Une histoire qui s’inscrit dans celle des salons littéraires.

Je reviens sur les salons littéraires qui furent le creuset dans lequel le couple d’Isabelle et de Benjamin se forma ; qu’étaient donc ces lieux de socialisation de l’élite intellectuelle et politique de l’époque ? Plongeons dans l’histoire. Les salons littéraires, les anciens « bureaux d’esprit », étaient organisés suivant les penchants de l’hôte ou de l’hôtesse, on pouvait y privilégier la poésie, le théâtre, la littérature, les sciences, la politique, ou faire de « tout un peu » : Marie-Thérèse Geoffrin ne recevait que des célébrités littéraires et philosophiques, telles que Diderot, Marivaux, Helvétius, Grimm. Le lundi, elle recevait les artistes, peintres, sculpteurs, architectes ; le mercredi, les gens de lettres et les savants. Cette habitude de recevoir à jour fixe était répandue dans de nombreux salons, notamment Saurin et Suard, assidûment fréquentés par Benjamin plus tard. On recevait chez les Suard les lundis et vendredis.
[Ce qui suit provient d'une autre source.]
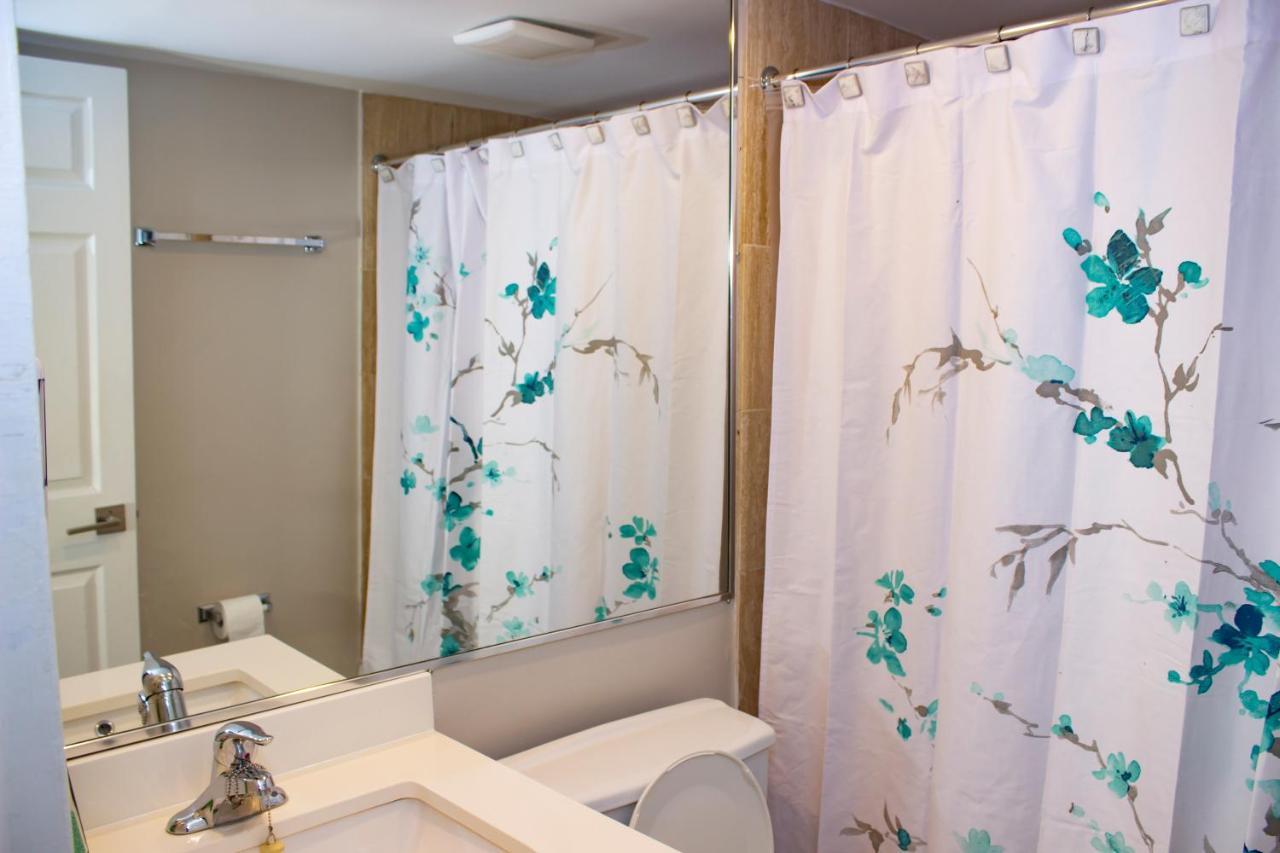 Shiny Spacious With Perfect View In Crescent Apartment Montreal
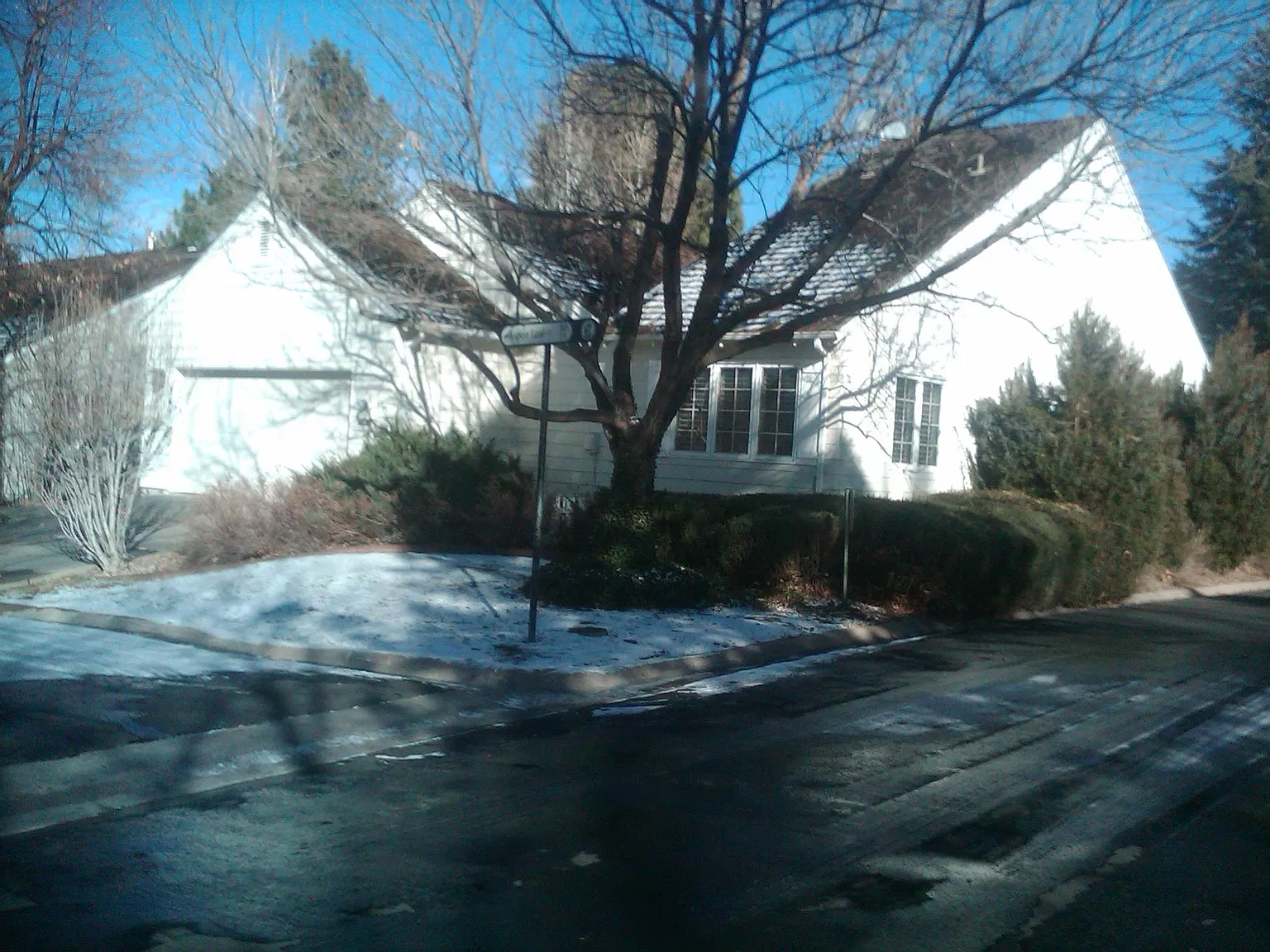 3 bed, 2291 sqft, $3,400 — Photo 2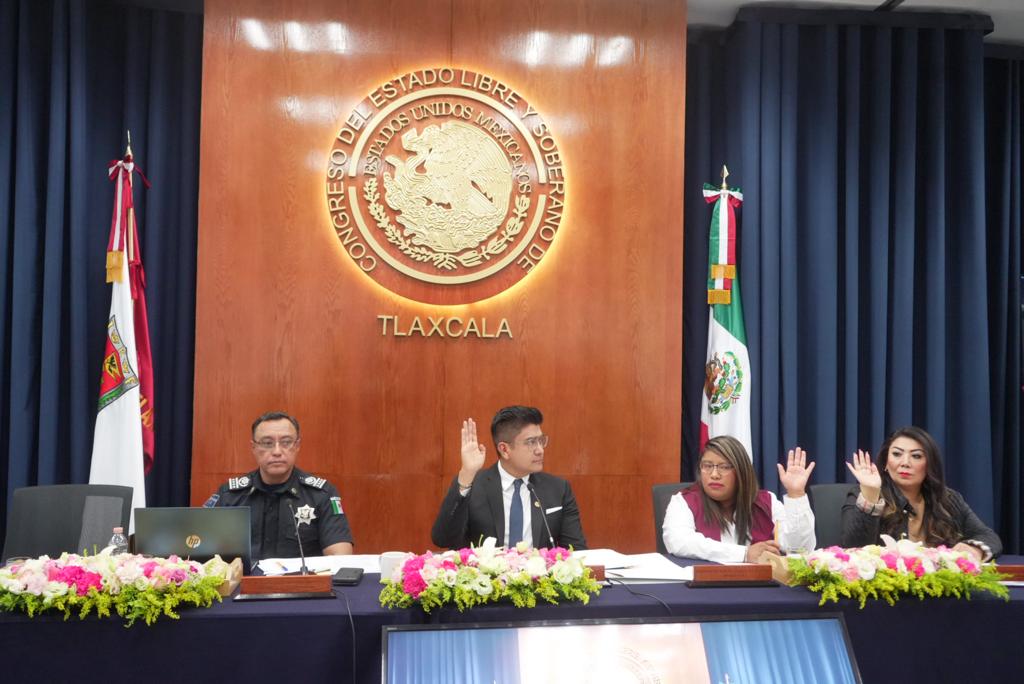 Titular de SSC rinde cuentas ante diputados de Tlaxcala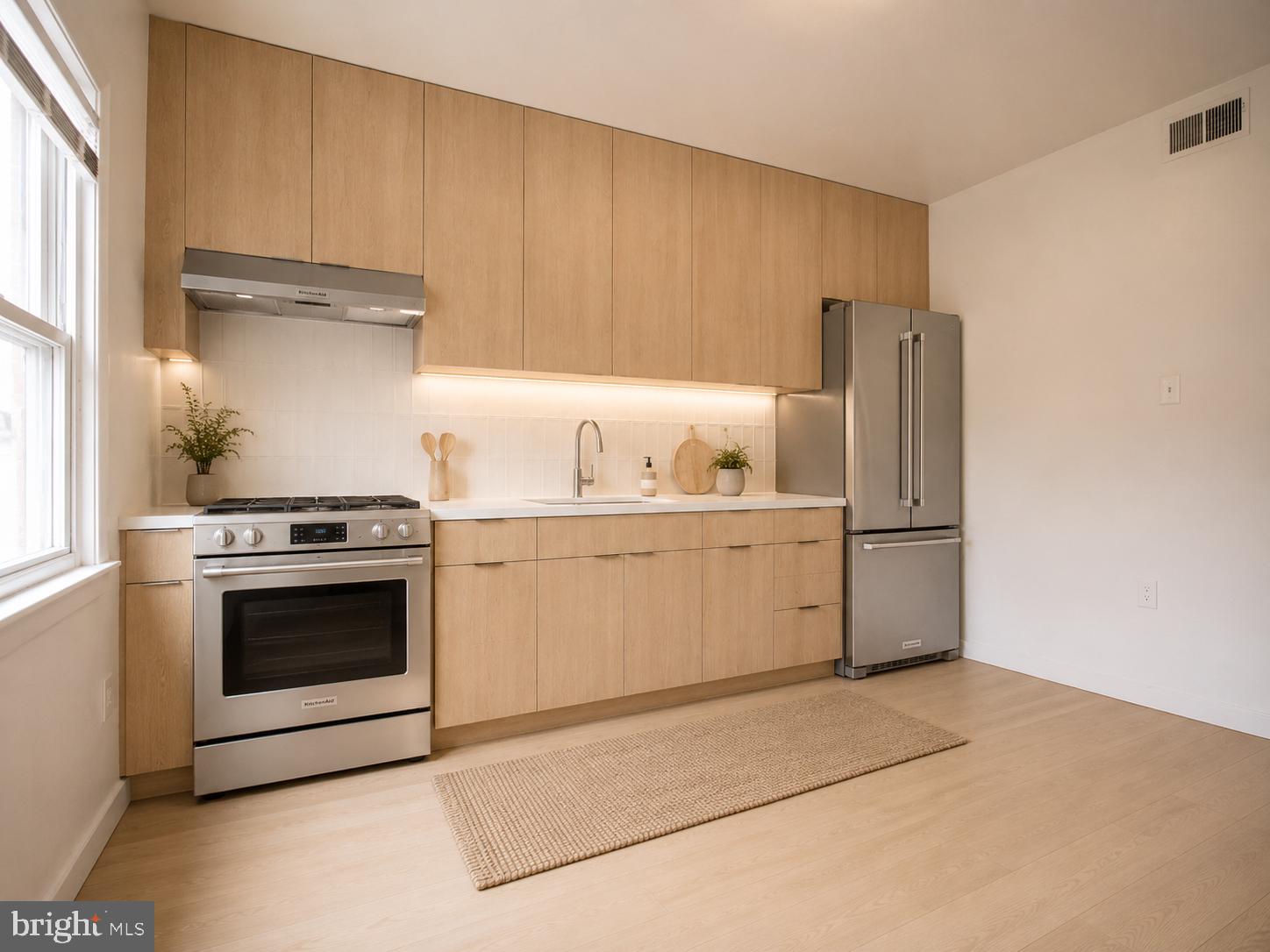 TRUXTON CIRCLE - Residential Income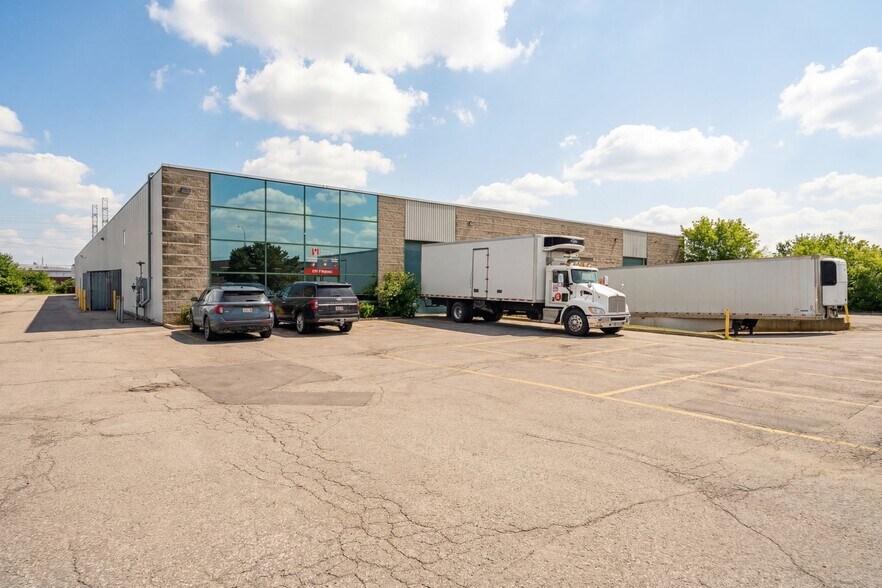More Photos Of 1225 Rue Bergar, Laval Warehouse For Lease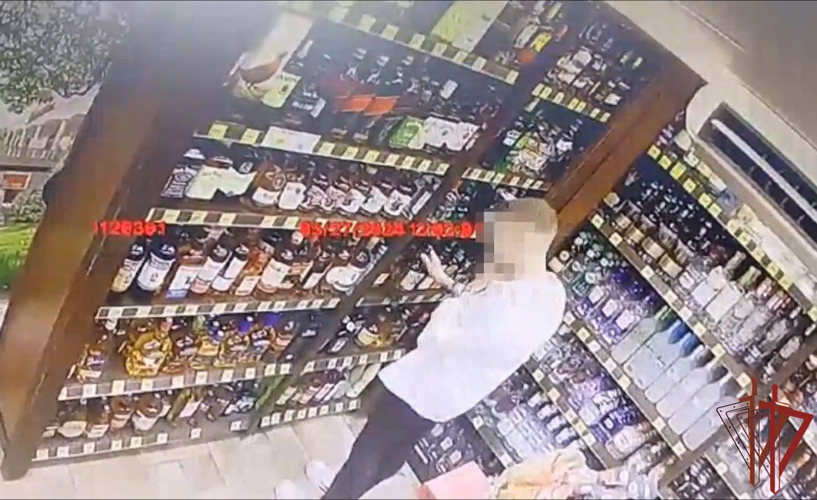 Столичные Росгвардейцы задержали мужчину, подозреваемого в краже алкоголя 
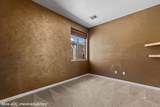 703 Hagens Alley - Photo 32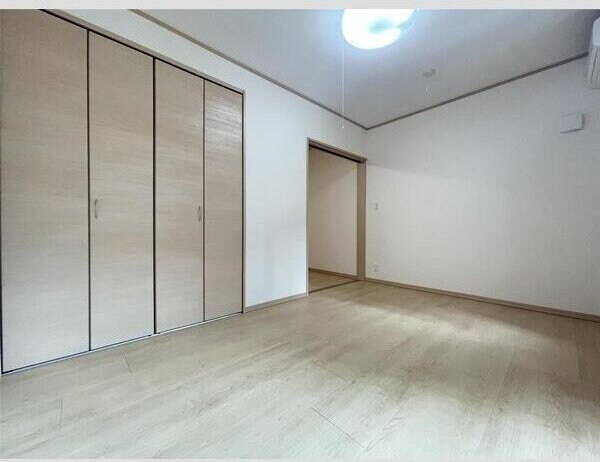 ウエストコートAの物件内観写真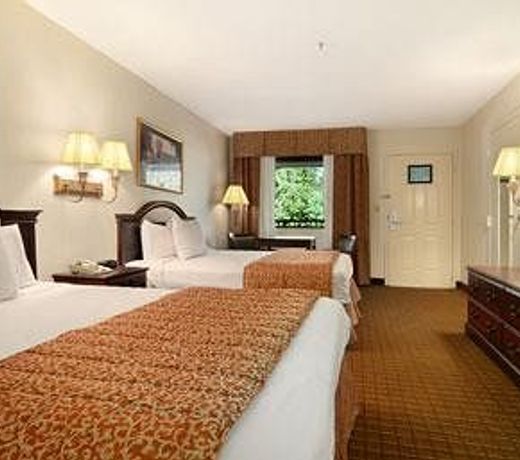 Travelodge by Wyndham Montgomery East
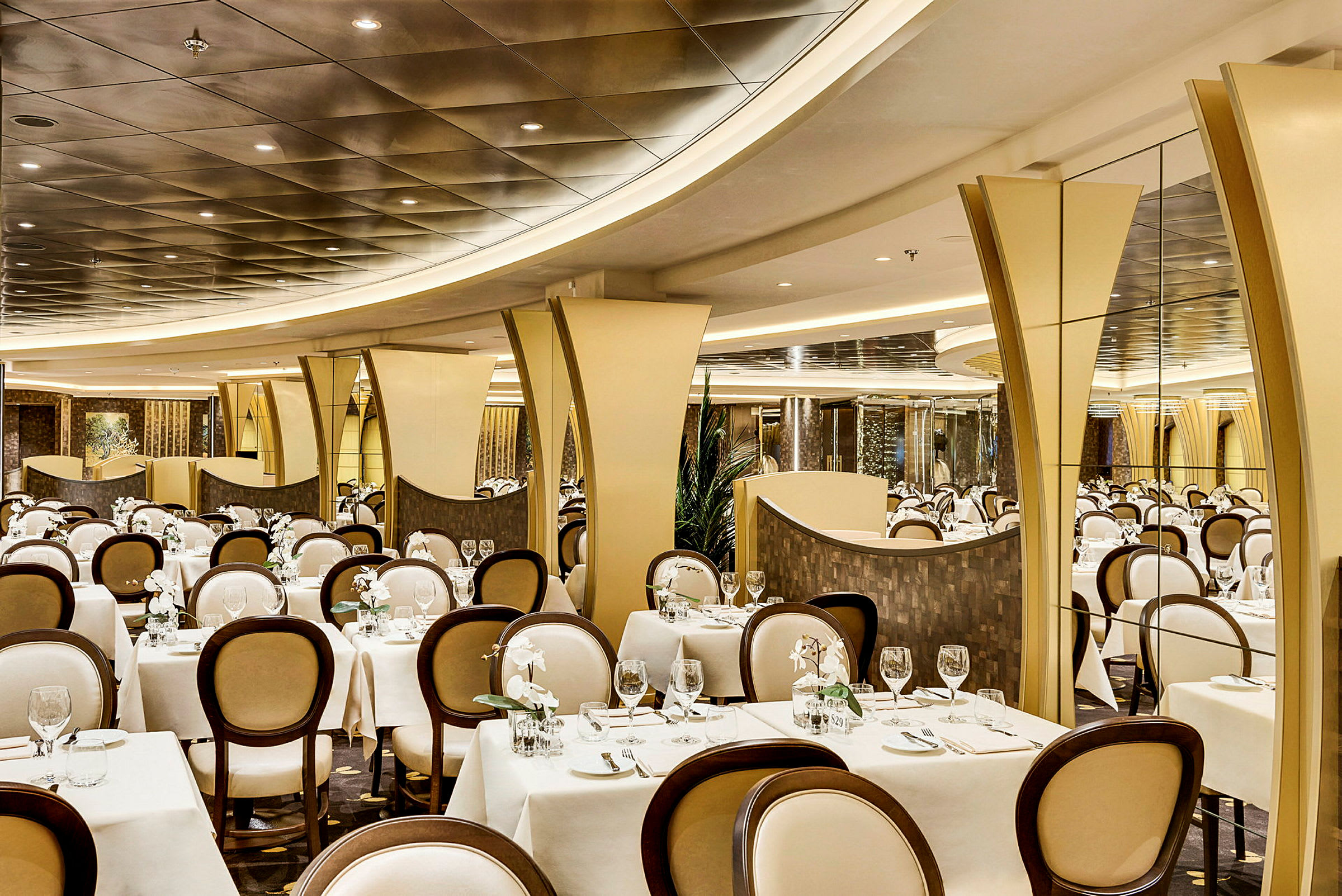 Elegant restaurant med hvite duker og trestoler. (AI-generert tekst)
On aimait discuter les idées, débattre sans faiblir ; les livre à peine imprimés étaient disséqués avec fougue ; la critique était la règle. Ces lieux privilégiés, construits pour des personnes privilégiées, permettaient également l’expression politique ; ils exerçaient une influence certaine sur les gouvernants : ministres et courtisans écoutaient les discours éclairés des philosophes sur la politique et la culture. L’aristocratie de l’esprit exerçait de fait le pouvoir. Madame Doublet de Persan tenait le fameux « bureau d’esprit », encore appelé « Paroisse », dont sortirent les  «nouvelles à la main », gazettes manuscrites ancêtres de la presse, et qui influencèrent le temps. Grimm en était fort pourvoyeur de son côté.

[…]

L’intérêt de ces salons tenait aussi au fait que les intellectuels et les écrivains, notamment, partageaient le droit de critique, le droit de faire, sans qu’aucune sanction universitaire ne s’abatte sur les uns ou les autres. Tout était possible : les rapprochements entre science, littérature, philosophie, politique, arts étaient au contraire encouragés. Cela ne devait point trop plaire à l’Église et à ses docteurs, soucieux au contraire de sectoriser la pensée pour mieux faire vivre ses « vérités ». On peut parler d’un chaudron gigantesque. Il permettra l’émergence de l’université libérée des contraintes dogmatiques, en premier lieu les grandes écoles publiques. Cela aura une conséquence à terme : renvoyer l’intellectuel à son rôle d’analyste, l’écrivain et l’artiste à la promotion des valeurs. La société moderne a fonctionné comme cela, longtemps, avec rigidité. Mais le savoir est à tout le monde, le partage essentiel, la confrontation idem. L’alliance des intelligences, sans que nul ne s’arroge un droit de veto intellectuel, est une bataille journalière.

[…]

Isabelle de Charrière quittera le monde le 28 décembre 1805 ; Constant écrivit dans son journal abrégé, le jour même, sans qu’il sût encore la nouvelle : « Rien. » Il poursuivra le 30 décembre, après en avoir connu : « Je perds encore une amie, qui m’a tendrement aimé, un asile, si j’en avais eu besoin, un cœur qui, blessé par moi, ne s’en était jamais détaché. Que de morts j’ai déjà inscrits dans ce livre ! Le monde se dépeuple, pourquoi vivre ! » Peut-on trouver cela satisfaisant ? « Un homme qui n’aime que l’impossible », écrira de lui Germaine de Staël. Impossible lui-même.